A suite of utility functions that are used in my scraping scripts.
Clean a list of extensions to not include a leading dot.
@param exts - Original list of extensions.
@return a list of cleaned extensions.
Compute the hashes of files with specified extensions using a specified algorithm function.
@param dir - String of directory to process.
@param exts - List of extensions. If None, then all extensions are queried.
@param algo - Function for the hashing algorithm from hashlib.
@param hashes - Dictionary of seen hashes. Index is hash, value is original media name.
@param recurse - If true, subdirectories are traversed. If false, subdirectories are skipped.
@return a dictionary indexed by hash value storing the file name.
Download media from a list of URLs if the hash has not been seen before.
@param dir - Destination directory for the download.
@param urls - List of URLs to query.
@param algo - Algorithm from hashlib used by the dictionary of hashes.
@param hashes - Dictionary of seen hashes. Index is hash, value is original media name.

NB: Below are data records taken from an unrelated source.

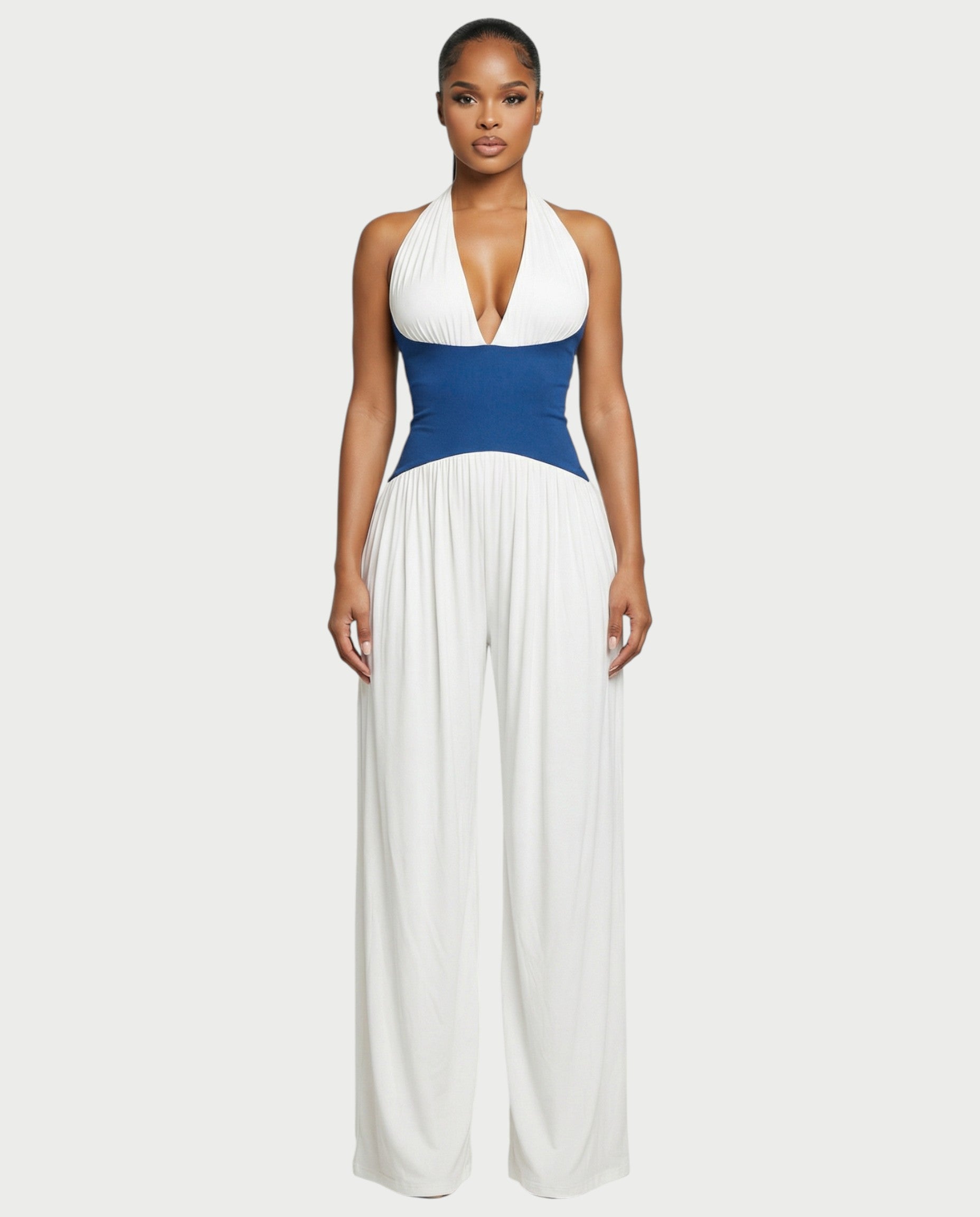 AMARIS Halter Neck Backless Wide Leg Jumpsuit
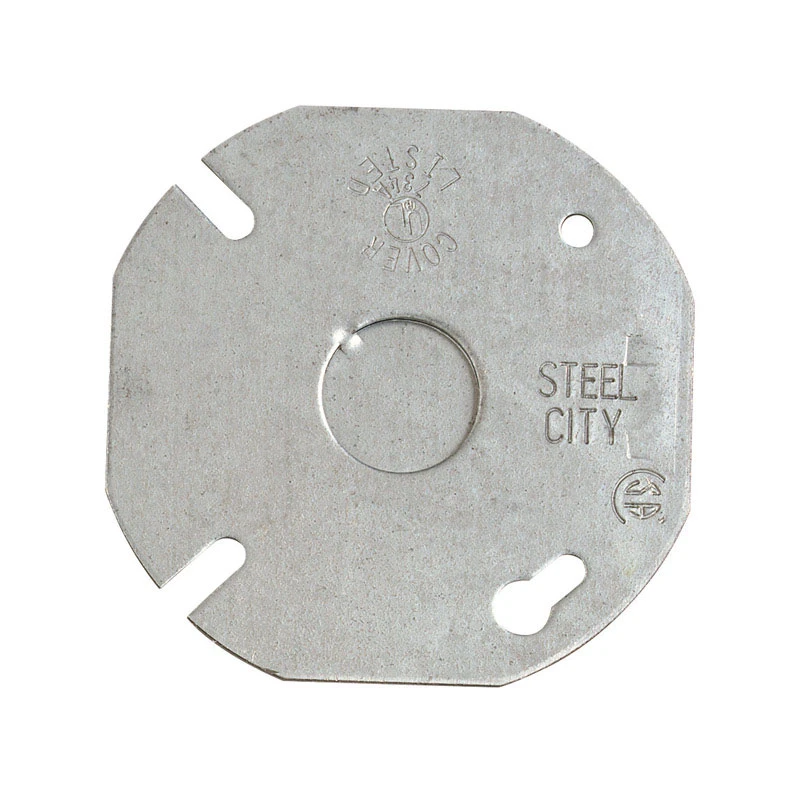 Octagon Steel 2 Gang Flat Box Cover With 1/2 Inch Knockouts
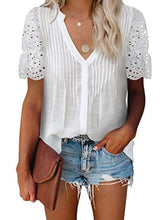 Load image into Gallery viewer, V-neck Lace Stitching Pleated Short-sleeved Chiffon Shirt
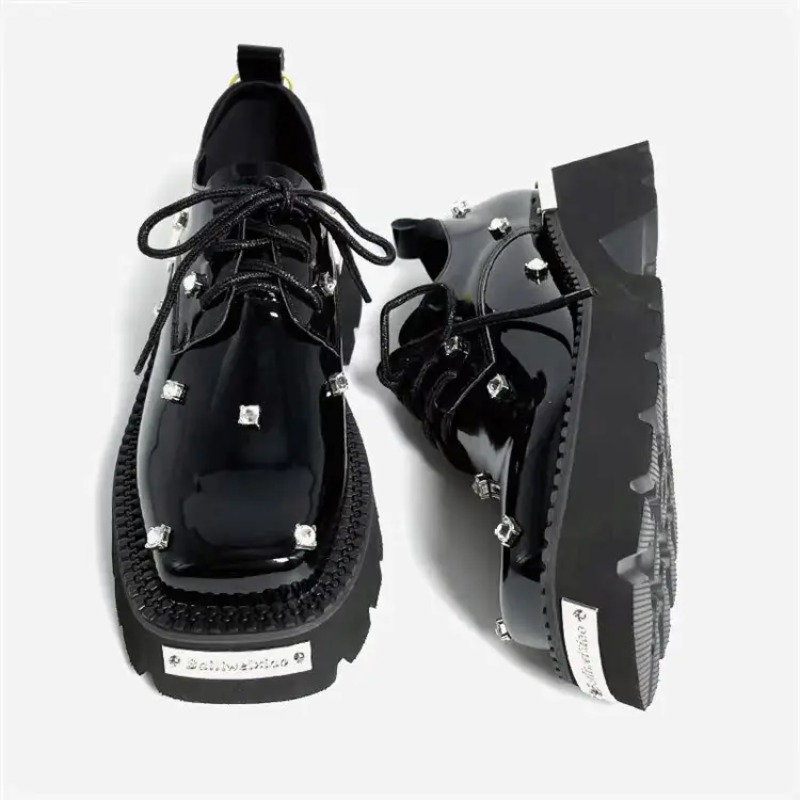 Women Shoes Sneakers - Женские лоферы на платформе с кристаллами,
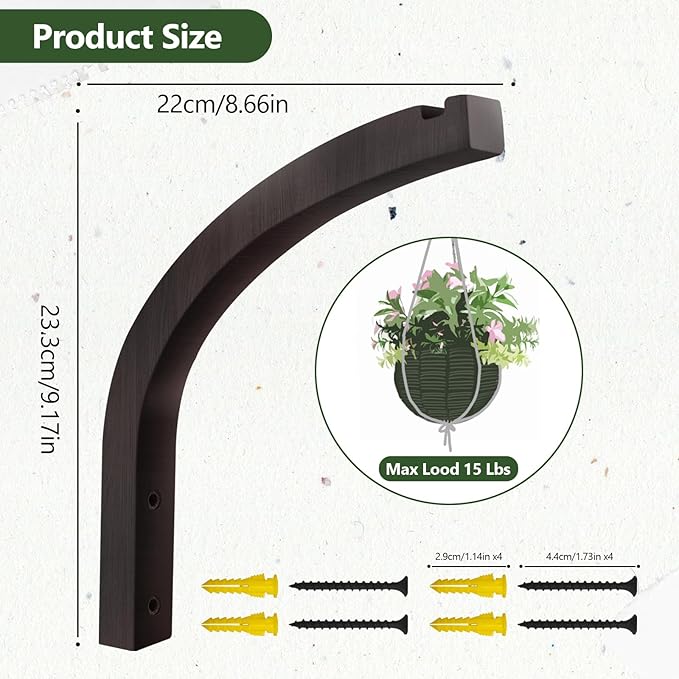 Stylish Wooden Plant Hanger – 2 Pack, 8-Inch Indoor/Outdoor Wall Hooks for Hanging Planters, Flower Pots, Lanterns, and Wind Chimes – Premium Beech Wood Home Decor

@return the new dictionary of hashes.
- To include scrape_utils in your code, copy all contents from this repository into a folder of any name, e.g.
foobar
. - Move the folder to same directory as the Python file that will use the utility functions, e.g.
/my/python/project/foobar
. - Import
scraping_utils
to the Python file, e.g.from foobar.scraping_utils import *
.
This repository is for personal use. There is no guarantee that the function signatures used in the current version will be compatible with future versions. Use at your own risk.